Landscape scale controls on dissolved organic carbon flux in a mountainous catchment

The spatial distribution of source areas and residence times of water in the catchment are significant factors controlling the annual cycle of dissolved organic carbon (DOC) in Deer Creek (Summit County, CO). During spring snowmelt, stream DOC concentrations increased with the rising limb of the hydrograph, peaked before maximum discharge, then declined rapidly as melting continued. To investigate catchment sources of DOC to streamflow, DOC was measured in groundwater wells, vadose zone lysimeters, the snowpack, and in streamflow. Concentrations of DOC in the lysimeters decrease rapidly during the melt period, supporting the hypothesis that hydrological flushing of near-surface soil horizons is the primary mechanism affecting the temporal variation of DOC in Deer Creek. Aerial photos of snow covered area were used in conjunction with the lysimeter data to show that the distribution of snow exerts important controls on the DOC flushing responses. Asynchronous melting of the snowpack across the landscape caused the flush to be initiated at different times throughout the catchment. Streamflow integrates the staggered flushing responses, yielding a protracted response of elevated DOC concentrations in the stream.; By coupling a catchment-scale hydrological model (TOPMODEL) with a simple DOC mixing model, the extent of saturated soils contributing discharge and DOC to streamflow was estimated. The simulations suggest a well-distributed, variable-source area contributing DOC to the stream, with 88% of the landscape contributing solutes during peak discharge.

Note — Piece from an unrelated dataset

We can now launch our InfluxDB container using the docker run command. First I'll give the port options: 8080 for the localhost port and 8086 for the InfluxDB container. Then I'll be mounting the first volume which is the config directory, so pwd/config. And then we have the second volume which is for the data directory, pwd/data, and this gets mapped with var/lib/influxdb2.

Although groundwater accounted for the greatest volumetric contribution of water to the stream from the catchment (75% of total annual flow), this flow path was responsible for delivering only 31% of the annual mass flux of DOC to streamflow. Subsurface flow through the upper soil horizons (21% of total annual flow) is the most important flow path for DOC export, contributing 67% of the annual mass flux of DOC to streamflow during the snowmelt period.